(Records from a collection)
* * * *

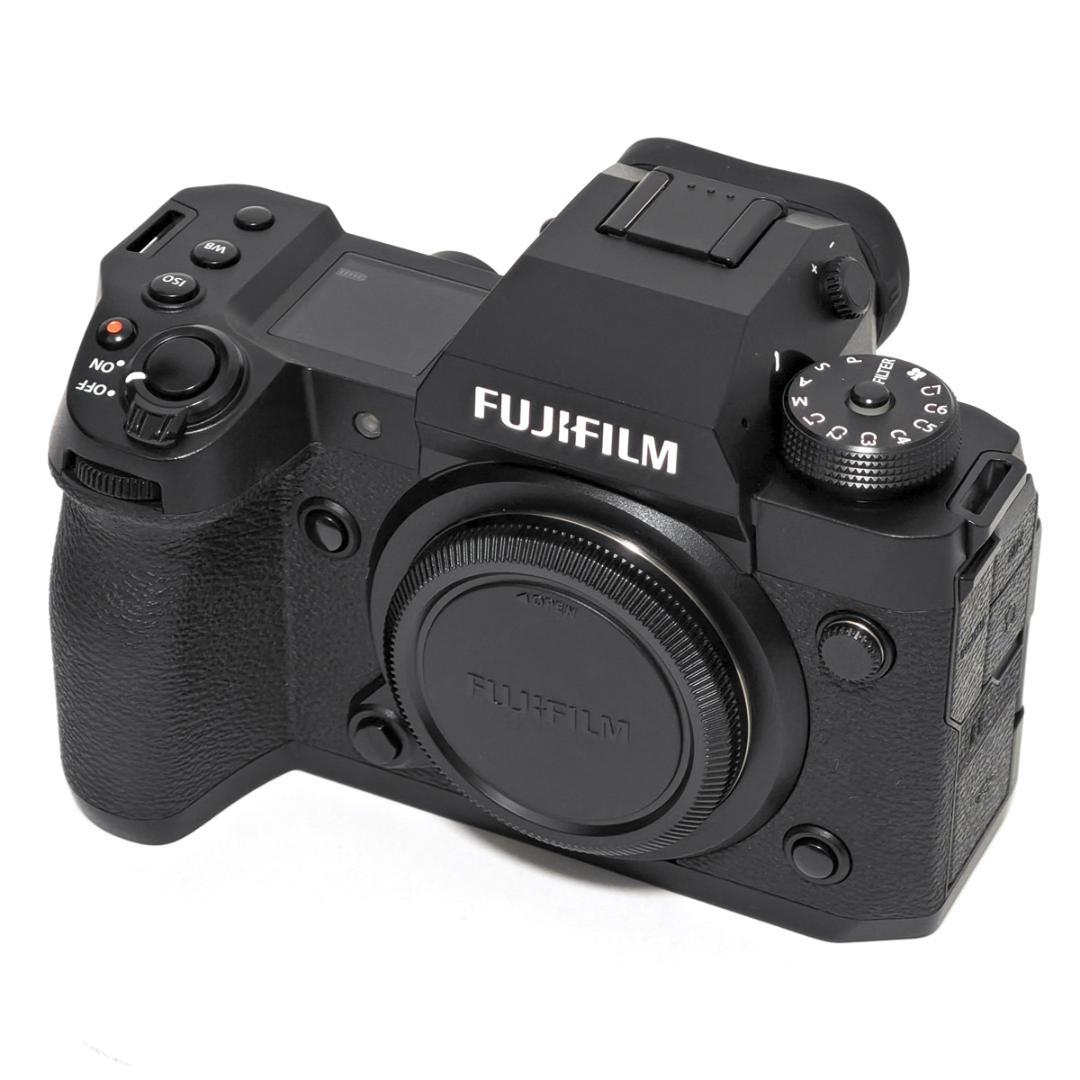 FUJIFILM X-H2 ボディ 富士フィルム 8K 30P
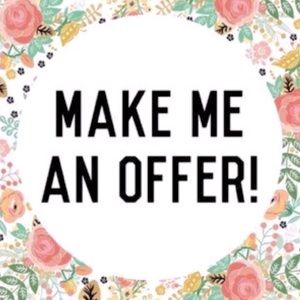 Make an offer!!  Need to clean out!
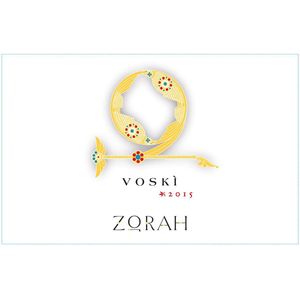 2017 Zorah Voskì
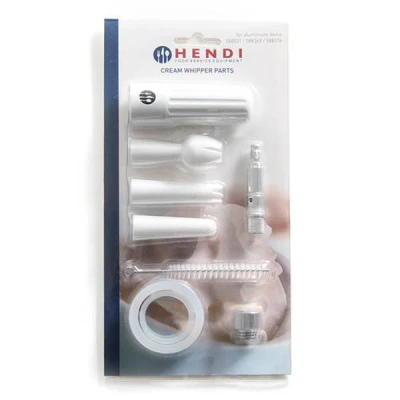 HEN-ZESTAW NAPRAWCZY DO SYFONU DO BITEJ ŚMIETANY 589007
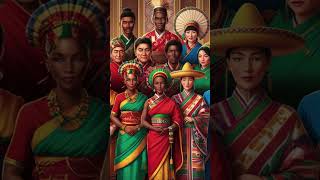 The Multi-Ethnic Identity of the Empire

* * * *

▶ What to do: A verbatim copy of the data, pictures removed, is the expected result.

▶ Reply:
 FUJIFILM X-H2 ボディ 富士フィルム 8K 30P
 Make an offer!!  Need to clean out!
 2017 Zorah Voskì
 HEN-ZESTAW NAPRAWCZY DO SYFONU DO BITEJ ŚMIETANY 589007
 The Multi-Ethnic Identity of the Empire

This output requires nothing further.